----- Working data -----

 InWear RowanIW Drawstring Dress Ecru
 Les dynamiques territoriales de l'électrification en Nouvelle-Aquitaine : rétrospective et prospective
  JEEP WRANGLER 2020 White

-----
----- Working data -----

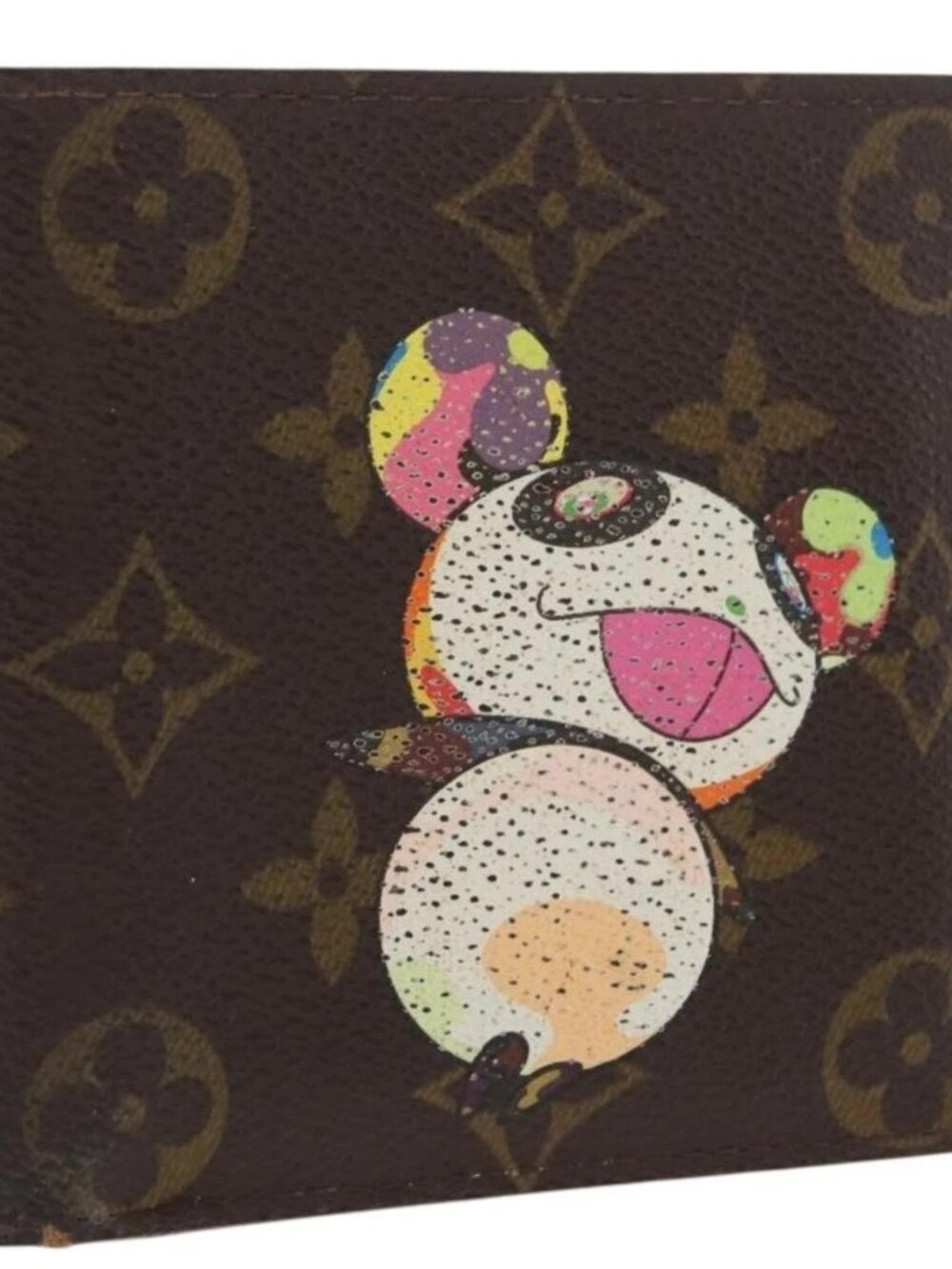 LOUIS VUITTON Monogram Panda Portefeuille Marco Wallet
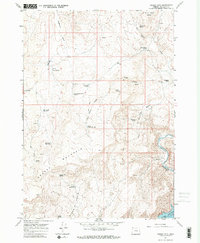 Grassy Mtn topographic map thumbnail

-----

Reproduce, character for character, only the lines of the preceding data that start at the line with "Les dynamiques territoriales" and end at the line with "JEEP WRANGLER 2020 White", both included.

**Answer space**
 Les dynamiques territoriales de l'électrification en Nouvelle-Aquitaine : rétrospective et prospective
  JEEP WRANGLER 2020 White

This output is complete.